Re: [PATCH 0/4] memcg, inode: protect page cache from freeing inode

From: Dave Chinner <david@fromorbit.com>
To: Johannes Weiner <hannes@cmpxchg.org>
Cc: Yafang Shao <laoar.shao@gmail.com>,
	Michal Hocko <mhocko@kernel.org>,
	Vladimir Davydov <vdavydov.dev@gmail.com>,
	Andrew Morton <akpm@linux-foundation.org>,
	Al Viro <viro@zeniv.linux.org.uk>, Linux MM <linux-mm@kvack.org>,
	linux-fsdevel@vger.kernel.org
Subject: Re: [PATCH 0/4] memcg, inode: protect page cache from freeing inode
Date: Wed, 18 Dec 2019 21:16:26 +1100	[thread overview]
Message-ID: <20191218101626.GV19213@dread.disaster.area> (raw)
In-Reply-To: <20191218043727.GA4877@cmpxchg.org>

On Tue, Dec 17, 2019 at 11:37:27PM -0500, Johannes Weiner wrote:
> On Wed, Dec 18, 2019 at 12:51:24PM +1100, Dave Chinner wrote:
> > On Tue, Dec 17, 2019 at 11:54:22AM -0500, Johannes Weiner wrote:
> > > This problem exists independent of cgroup protection.
> > > 
> > > The inode shrinker may take down an inode that's still holding a ton
> > > of (potentially active) page cache pages when the inode hasn't been
> > > referenced recently.
> > 
> > Ok, please explain to me how are those pages getting repeated
> > referenced and kept active without referencing the inode in some
> > way?
> > 
> > e.g. active mmap pins a struct file which pins the inode.
> > e.g. open fd pins a struct file which pins the inode.
> > e.g. open/read/write/close keeps a dentry active in cache which pins
> > the inode when not actively referenced by the open fd.
> > 
> > AFAIA, all of the cases where -file pages- are being actively
> > referenced require also actively referencing the inode in some way.
> > So why is the inode being reclaimed as an unreferenced inode at the
> > end of the LRU if these are actively referenced file pages?
> > 
> > > IMO we shouldn't be dropping data that the VM still considers hot
> > > compared to other data, just because the inode object hasn't been used
> > > as recently as other inode objects (e.g. drowned in a stream of
> > > one-off inode accesses).
> > 
> > It should not be drowned by one-off inode accesses because if
> > the file data is being actively referenced then there should be
> > frequent active references to the inode that contains the data and
> > that should be keeping it away from the tail of the inode LRU.
> > 
> > If the inode is not being frequently referenced, then it
> > isn't really part of the current working set of inodes, is it?
> 
> The inode doesn't have to be currently open for its data to be used
> frequently and recently.

No, it doesn't have to be "open", but it has to be referenced if
pages are being added to or accessed from it's mapping tree.

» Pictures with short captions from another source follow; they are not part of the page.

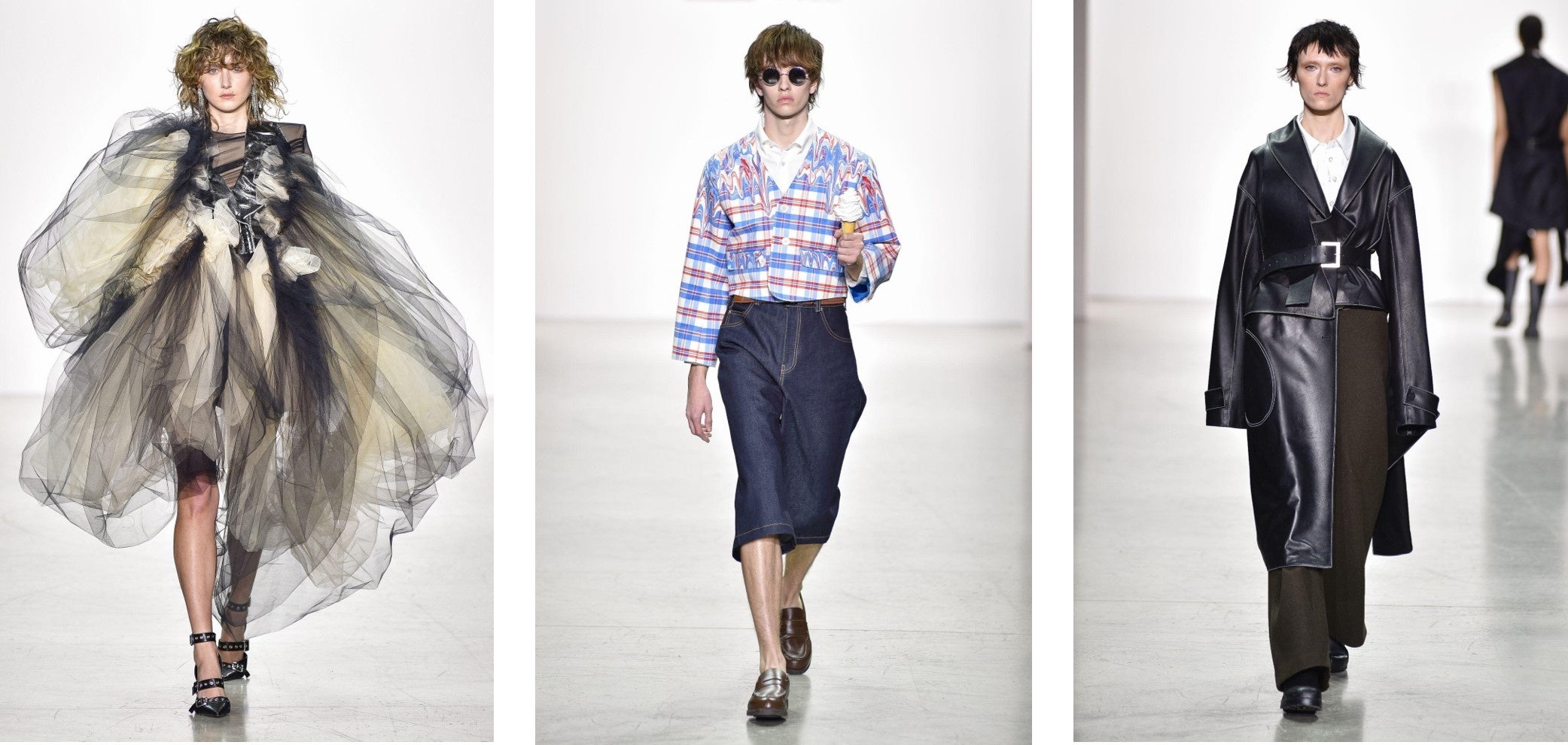 AFC9th NY ステージレポート：アジアの若手デザイナーがNYFWで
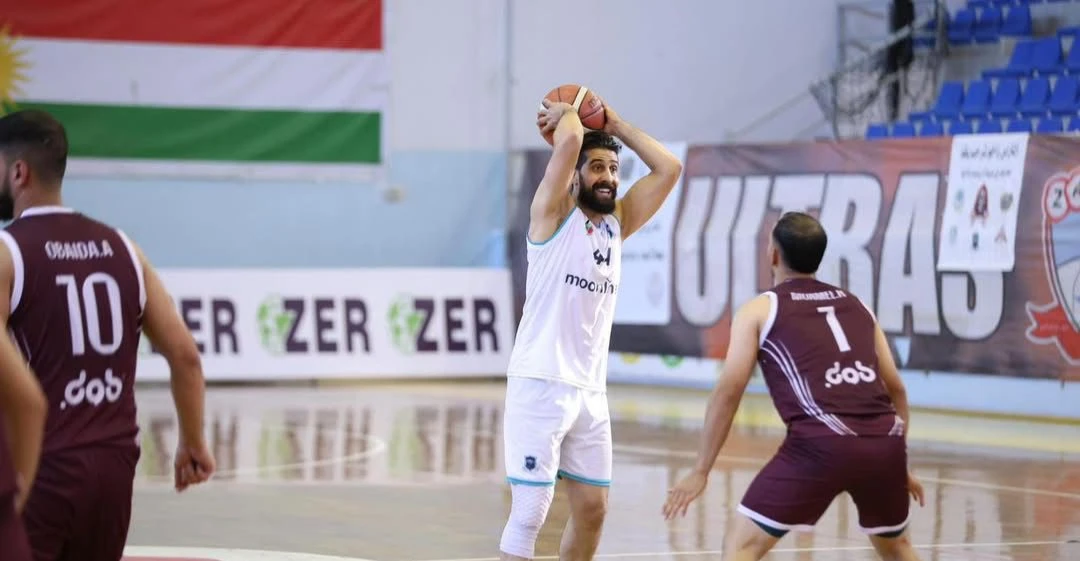 فوز عريض لفرق المقدمة في دوري السلة العراقي للجولة الرابعة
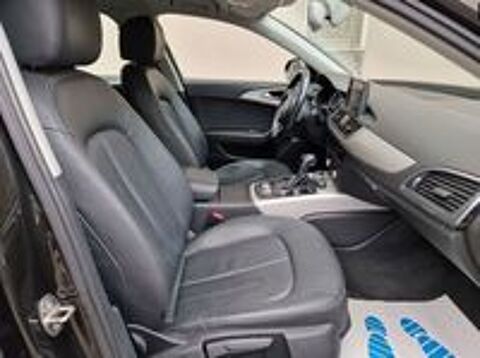 A6 Avant 2.0 TDI ultra 190 S Tronic 7 Business Executive 2016 occasion 83830 Bargemon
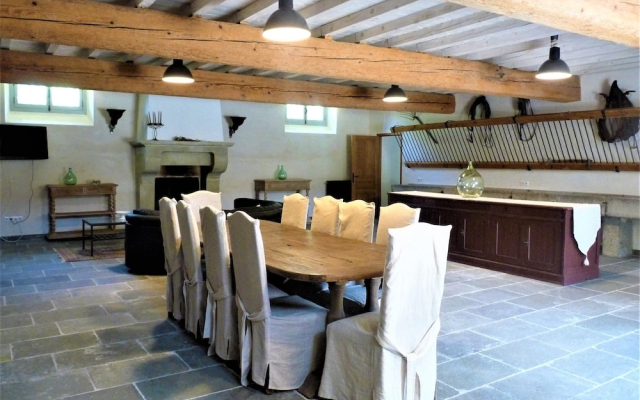 Gîte familial au cœur d’un domaine viticole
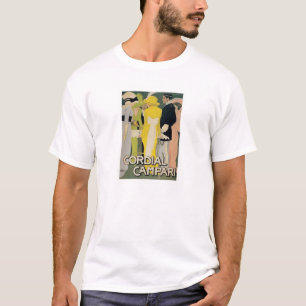 T-shirt Cordial Campari 2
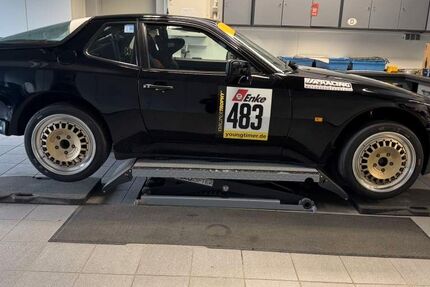 Porsche 944 75.000 km 39.900 &euro; Ahrweiler 53474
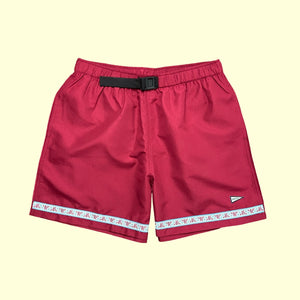 Adventure Shorts (Maroon)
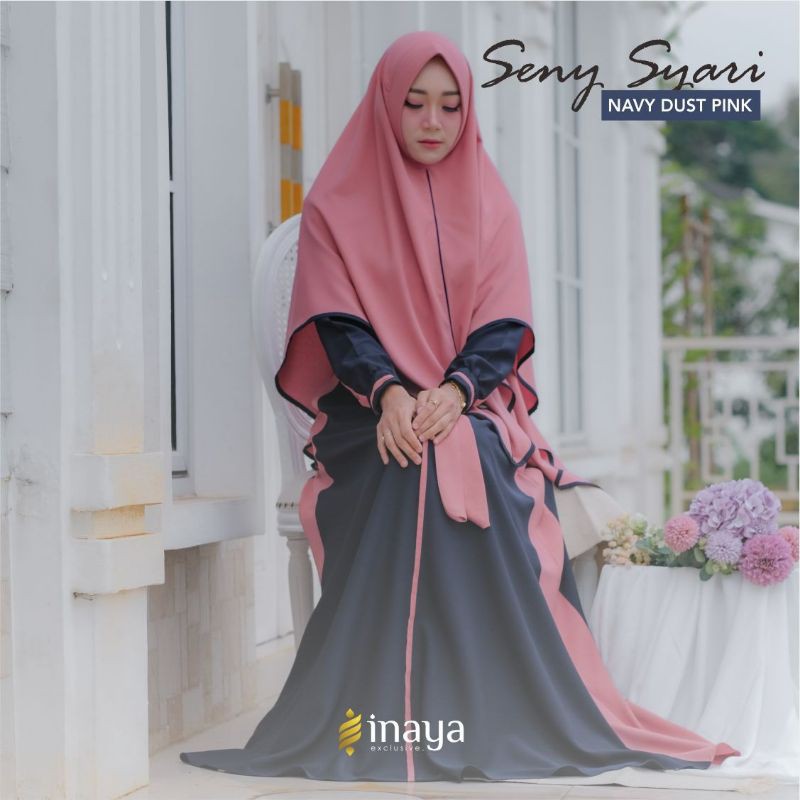 gamis inayah seny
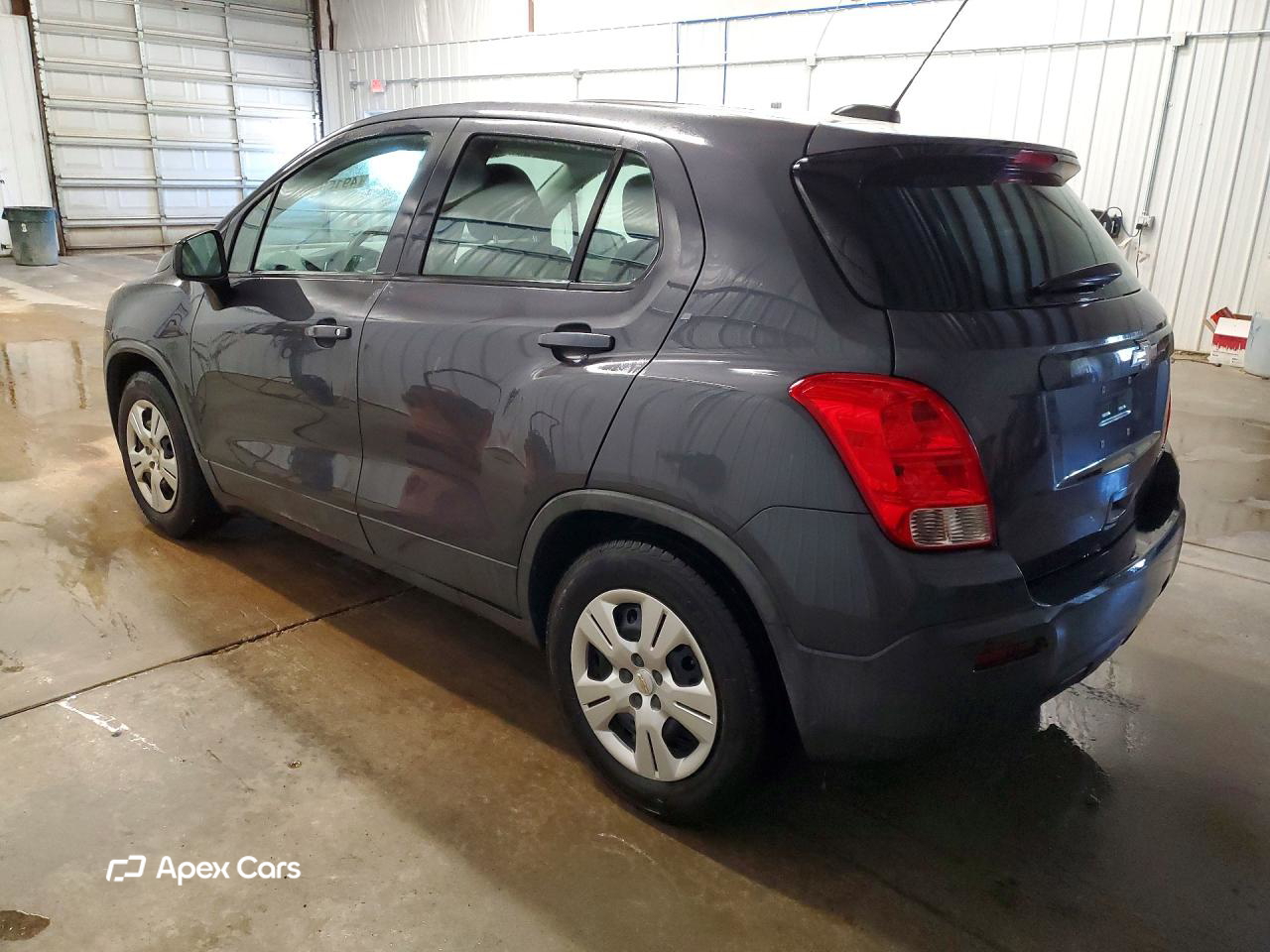 Chevrolet Trax 2016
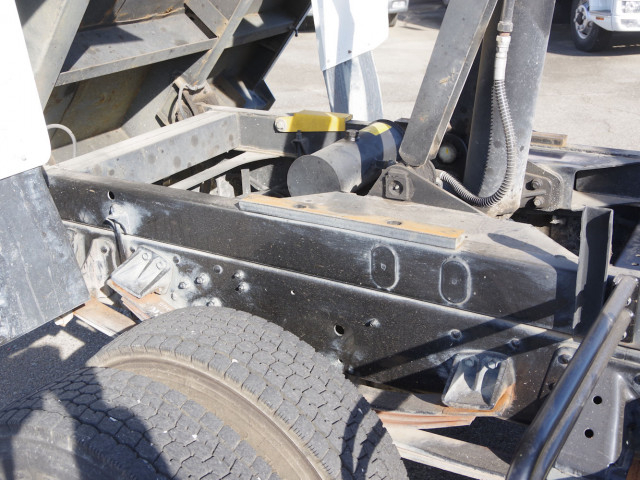 日野 レンジャー 中型 土砂ダンプ TKG-FD9JDAA(97853) 6枚目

e.g. you can do open/mmap/close, and the vma backing the mmap region
holds a reference to the inode via vma->vm_file until munmap is
called and the vma is torn down.

So:

> Executables that run periodically come to mind.

this requires mmap, hence an active inode reference, and so when the
vma is torn down, the inode is moved to the head of the inode cache
LRU. IF we keep running that same executable, the inode will be
repeatedly relocated to the head of the LRU every time the process
running the executable exits.

> An sqlite file database that is periodically opened and queried, then
> closed again.

dentry pins inode on open, struct file pins inpde until close,
dentry reference pins inode until shrinker reclaims dentry. Inode
goes on head of LRU when dentry is reclaimed. Repeated cycles will
hit either the dentry cache or if that's been reclaimed the inode
cache will get hit.

> A git repository.

same as sqlite case, just with many files.

IOWs, all of these data references take an active reference to the
inode and reset it's position in the inode cache LRU when the last
reference is dropped. If it's a dentry, it may not get dropped until
memory presure relaims the dentry. Hence inode cache LRU order does
not reflect the file data page LRU order in any way.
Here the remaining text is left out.